Question

Two liquids A and B on mixing form ideal solution. their vapour pressures in pure state are 200 and 100 mm respectively. what will be the mole frction of B in the vapour phase in equillibrium with an equimolar solution of two?

Answer 1

Let the moles of A=B = m
Mole fraction of B = m/m+m =m/2m
According to Raoults law
P=P°x
P(B)=P°(B)x(B)
x(B) = m/2m
P°(B) = 100
P(B) = 100*m/2m = 50mm
Similarly
P(A) = 100mm
Y(B) = P(B)/P(A)+P(B)
= 50/100+50 = 1/3

Answer 2

Answer: The mole fraction of B in vapor state is 0.33.

Explanation:  

According to Raoult's law, the vapor pressure of a component at a given temperature is equal to the mole fraction of that component multiplied by the vapor pressure of that component in the pure state.

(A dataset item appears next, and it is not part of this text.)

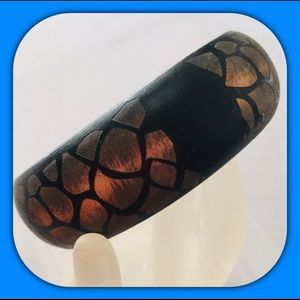 Black Wood Gold Metallic Print Bangle Bracelet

$p_A=x_Ap_A^0$ and $p_B=x_BP_B^0$

where, x = mole fraction

$p^0$ = pressure in the pure state

According to Dalton's law, the total pressure is the sum of individual pressures.

$p_{total}=p_A+p_B$

$p_{total}=x_Ap_A^0+x_BP_B^0$

given $x_{A}=0.5$, $x_{B}=0.5$

$p_{A}^0=200 mmHg$

$p_{B}^0=100 mmHg$

$p_{total}=0.5\times200+0.5\times 100=150mmHg$

The mole fraction of B in vapour phase is given by:

$y_{B}=\frac{p_B}{P_{total}}$

$p_{B}=x_{B}\times p_{B}^0=0.5\times 100=50mmHg$  

$y_{B}=\frac{50mmHg}{150mmHg}=0.33$